No soporto el verano, pero así, con tanto amor, me encanta.
Leído me muero de I. Bono.
Se mete uno, mientras lo lee, en una casa en donde, como en las
películas de Tarskovsky, la lluvia cae dentro, dejando charcos sobre la mesa y en el interior
de los armarios; en donde la niebla sube desde el suelo de la cocina y hay árboles en la
habitación vacía. Uno cree ir conociendo, a medida que avanza en la lectura, la casa de Isabel
Bono, la terraza que en los días felices se llena de la luz de la diez de la mañana y hay que
barrerla porque sobre ella han caído las hojas; la ventana del cuarto de baño por donde se
cuela el sol posándose sobre los azulejos húmedos, la cocina convertida en túnel de lavado,
los insectos equilibristas que descienden por el cable del flexo.
La casa tomada, a veces, por
los muertos que espían en la ducha, que susurran nuestros nombres y se orinan en los
paragüeros; la casa vacía y de pronto llena de sombras que nos obligan a cerrar los ojos
cuando nos peinamos frente al espejo.
La casa de Isabel Bono, con su mesa en el centro de
todo, donde solo queda un rayo de luz sobre la libreta abierta, una taza fría y unas migas de
pan tostado que ignoran la muerte.

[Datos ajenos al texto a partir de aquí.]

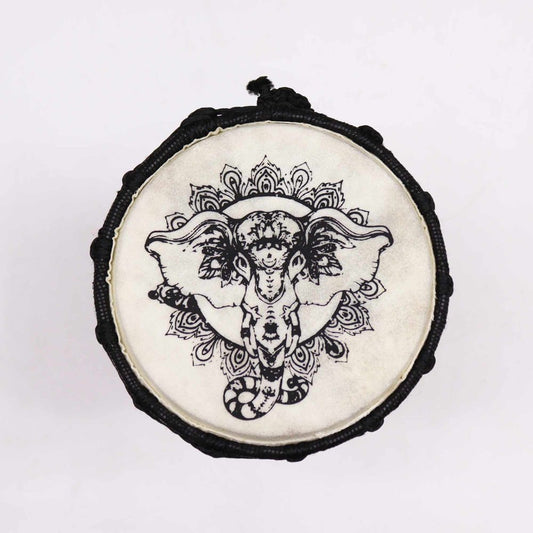A round drum features an intricate black ink design of an elephant on a white background, encircled by ornate patterns. The drum is bordered with a textured black rope.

La casa con sus ventanas abiertas para mirar por ellas un
exterior de cielos limpios, viejos cuarteles ruinosos y palmeras muertas; para mirar y sentir
cómo se oxida nuestra mirada sobre las cosas que nos rodean.
Se mete uno, mientras lo lee, en el andén aquietado por la luz, a la espera del tren de cercanías,
para poder así mirar a través de los cristales tintados de sus ventanillas la calma lenta y limpia
de la vida. O para inventar historias mientras se viaja, porque necesitamos historias. Pero en
ese tren de cercanías viaja también el dolor, el dolor que desconoce nuestros nombres y
coloca sanguijuelas en la espalda.
De vuelta a casa, tras sacudirnos la lluvia, creemos ver al fondo, sentada a la mesa, a Isabel
Bono que, con un dedo mojado en leche, escribe sobre el mantel, el poema y su reverso, la
luz y el desasosiego de estar vivos.
A Isabel Bono, la que, cuando está fuera y lejos, piensa en
su casa vacía, la que sabe que en el centro del universo hay una boca soñada, la que no tiene
miedo de la inmovilidad ni del silencio, la que no quiere ser nadie, la que no quiere ser nada.